そんな人間を傍に置いたら、彼女はどんな目で見られるか。――私はどう見られてもいいが、彼女の評価が下がるのであれば、私としては居たたまれなくなる。
「表? 裏? え?」
無理もない、やはり私の言葉の意味は通じない。――と、ヴァネッサが腰を屈め、エカテリスと視線を合わせる。
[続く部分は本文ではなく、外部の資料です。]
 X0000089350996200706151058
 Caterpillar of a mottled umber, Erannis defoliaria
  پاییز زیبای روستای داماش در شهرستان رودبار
「リバールちゃんはね、今までずっと大変な思いをしてきたの」
「大変な……思い?」
「そう。エカテリスが、まだ勉強していない世界。人だって、きっと何人も殺してきてる」
「!」
「ヴァネッサ、それは――」
スッ。――ヨゼルドが何か言いかけるが、ヴァネッサは手を出してそれを制止させる。
「私の様に正義の為に剣を振るっていたわけでもないわ。彼女は、そういう人間「だった」。――そんなリバールちゃんを、エカテリスは最後まで、責任を持って見届けられる?」
「勿論ですわ!」
そして即答だった。
「昔何があっても、私が責任を持って一緒に歩いてみせます! だって私、ハインハウルス王国王女で、お父様とお母様の娘ですもの!」
小さな胸を張って、高らかに彼女は宣言する。――何処まで理解しているのかわからないが、それでもその瞳は自信に満ち溢れていた。
「……あの、一ついいですか」
「何かしら? お給料の事はお父様と相談して――」
「そうではなくて。――何故、そこまで私に拘るんです? 会ったばかりの、私に」
専属の使用人を探していると言っていた。そんなもの、国の力を持ってすればいくらでも優秀な人間が見つかるだろう。――私に拘る理由がない。
「うーん……こう、ピン、と来ましたの」
「……はい?」
「綺麗な銀色の髪も、優しい目も、お母様が認める強さも魅力的ですけど、それ以上に、ああ、この人だ、っていうのを感じましたの! 王女のカンですわ! 運命ですわ!」
笑顔で彼女は私にそう言った。運命なのだと。
「…………」
ふと、考えてみてしまった。――使用人として、彼女の傍を歩く生き方を。そんな生き方が、私にも出来るのか、と。そんな生き方を、私がする資格があるのか、と。この魅力的な笑顔に包まれることが許される人生が、あっていいのかと。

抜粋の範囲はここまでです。